Mini-Reviews: White House Down, The Heat, Much Ado About Nothing

White House Down:

White House Down is a Roland Emmerich film about domestic terrorists taking over the White House. This isn’t a plot summary– it’s the review. By now, if you’ve seen Independence Day, The Day After Tomorrow, and 2012 (among others), you know precisely what Roland Emmerich’s film is going to be like, and you either know you’ll thoroughly enjoy its popcorny goodness or you’ll find it a trying experience. Put me in with the former camp: by now, I appreciate the scenes that go too long, the jokes that try too hard, the needless special effects. This is actually the smallest-scale Emmerich film to date, with only a couple of moments of large-scale destruction. The twists are obvious (James Woods as an alleged good guy is the most obvious case of eventual traitor casting ever), and some twists are bizarre (a few henchmen-related subplots, left on the cutting room floor, that still receive resolution), but others are quite welcome to this genre, such as the scene where the President– realistically– is willing to let a little girl be executed before giving away the nuclear codes. The action is crisp and executed with the typical Emmerich energy, also showcasing the valuable lesson he learned during Godzilla: shoot every action scene and special effect in full sunglight. Channing Tatum is just likable and bland enough to make for the ideal Emmerich lead, but the real star is Donnie the Tour Guide as comic relief, who waltzes away with every scene. Why are you still reading? You know what Emmerich brings to the table: either see it or don’t. As an Emmerich fan, I give White House Down a thumbs up.

The Heat:

Melissa McCarthy is a force of nature. She carries the inherent sweetness of John Candy, yet her words are full of aggressive reckless abandon. In The Heat, she’s found another perfect vehicle for her skill set… if only the movie gave her more *jokes.* Paul Feig, who directed McCarthy’s breakout comedy Bridesmaids, pairs her with Sandra Bullock here as a pair of mismatched cops working a case. Guess which one is an insecure tightly wound neat freak and which one is an overly confident loose cannon slob? I’ve read some gripes that the set-up and execution is too formulaic– nonsense. Few comedy set-ups are more pleasurable with the right cast than the odd-couple formula.

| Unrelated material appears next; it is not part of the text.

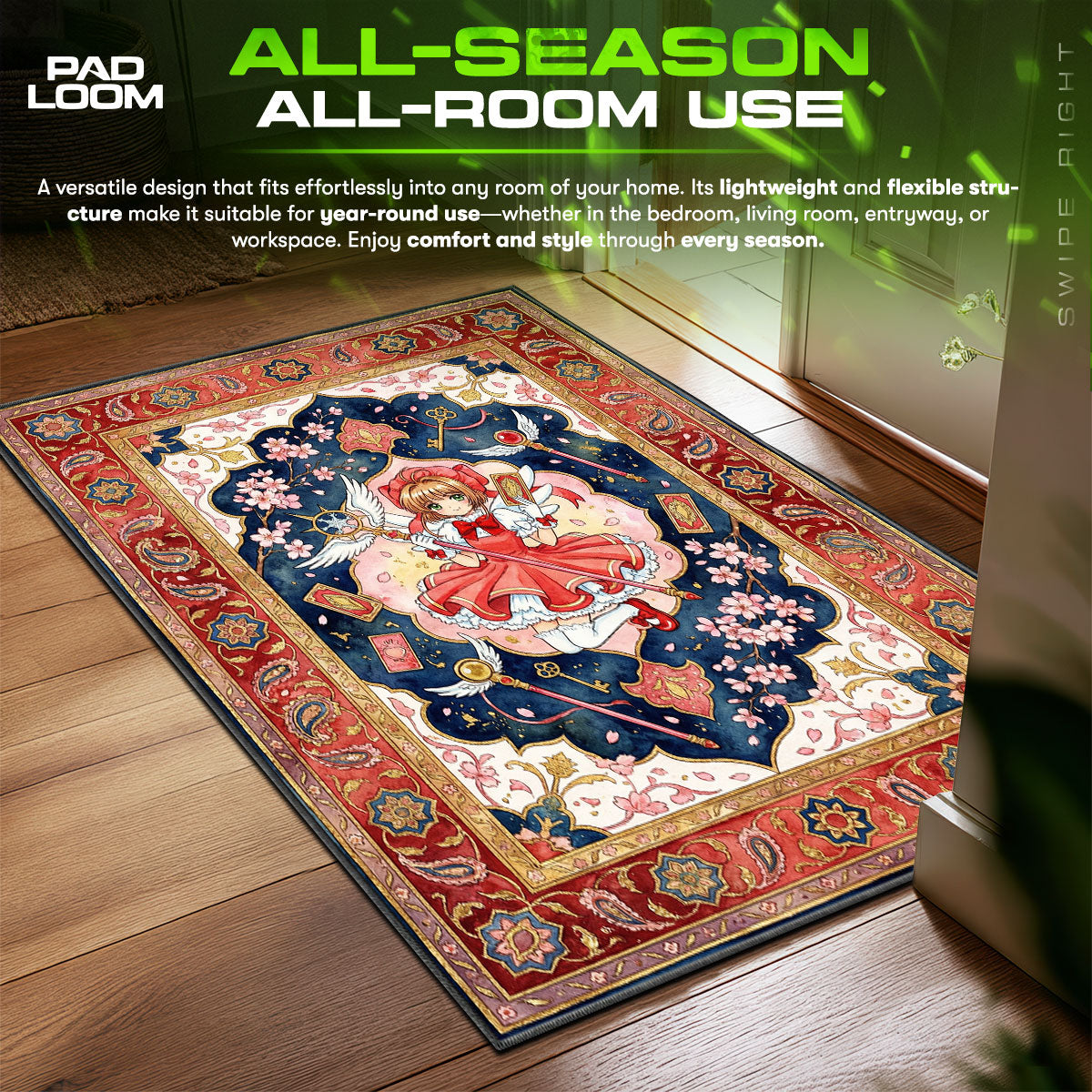 Sakura Celestial Keys Cardcaptor Sakura Chair fan rug — premium quality print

The film’s problem is, unfortunately, part of what makes it so affable: Feig lets the character improvise and riff endlessly, and he leaves so much of it in the final product that scenes and set-pieces go on and on. Depending on whether you find the proceedings continually funny, this is either a joy… or a drag. Plenty of these choices work, but enough don’t that the film does seem overstuffed at points: too many characters, too many riffs, not enough stream-lining. It seems counter-intuitive to say the film should cut side characters and the laughs they get in order to make the film better, but I couldn’t help but wonder (I was in the camp that thought Bridesmaids was about fifteen to twenty minutes too long too, so feel free to ignore me). Bullock and McCarthy’s chemistry is top-notch enough to keep the film afloat even when pacing tries to sink it and when the jokes are too often limited to hurled obscenities. Most importantly, the film is an R-rated comedy about two women, which, sadly, makes it feel fresh in today’s marketplace. The Heat is the type of film, even with its draggy spots, that we absolutely need more of.

Much Ado About Nothing:

Rarely does the title of a film match the output closer than Joss Whedon’s adaptation of Shakespeare’s Much Ado About Nothing, a humble black-and-white lark of a movie. If it feels like Joss Whedon simply gathered up his buddies to drink wine and shoot a film for two weeks… well, that’s because that’s exactly what happened. Which is totally fine, except I’m not convinced a movie should *feel* that casual. I’m conflicted, because to some degree, a casual take on Shakespeare is welcome relief from the usual contemporary film adaptations of Shakespeare comedies (and dramas, for that matter), in which a variety of actors attempt vainly to out-ham and out-shout one another. However, especially in Much Ado, in which characters make insanely over-the-top horrific decisions on impulse, such a casual reading of the film only underscores said insanity. Claudio has rarely been more of an asshole for his slut-shaming, Leonato has never been more of an unreasonable turncoat on his family, and Beatrice’s request to have him killed has never appeared more irrational. When handled in such a contemporary and casual fashion, it somehow makes the inherently theatrical behavior even less grounded– the characters clearly aren’t drunk enough nor remorseful enough upon sobering to justify their decision-making. Still, it *is* Shakespeare, so the dialogue is top-notch and full of lovely moments. Amy Acker is superb as Beatrice; it’s unfortunate that Ed Helms clone Alexis Denisof can’t hold his own against her as Benedick. The black-and-white is surprisingly unstylish for the most part, though some party scenes have a nice casual energy and Whedon’s music is lovely. While it may be but fluff… you could do far, far worse than seeing Shakespeare at the multiplex.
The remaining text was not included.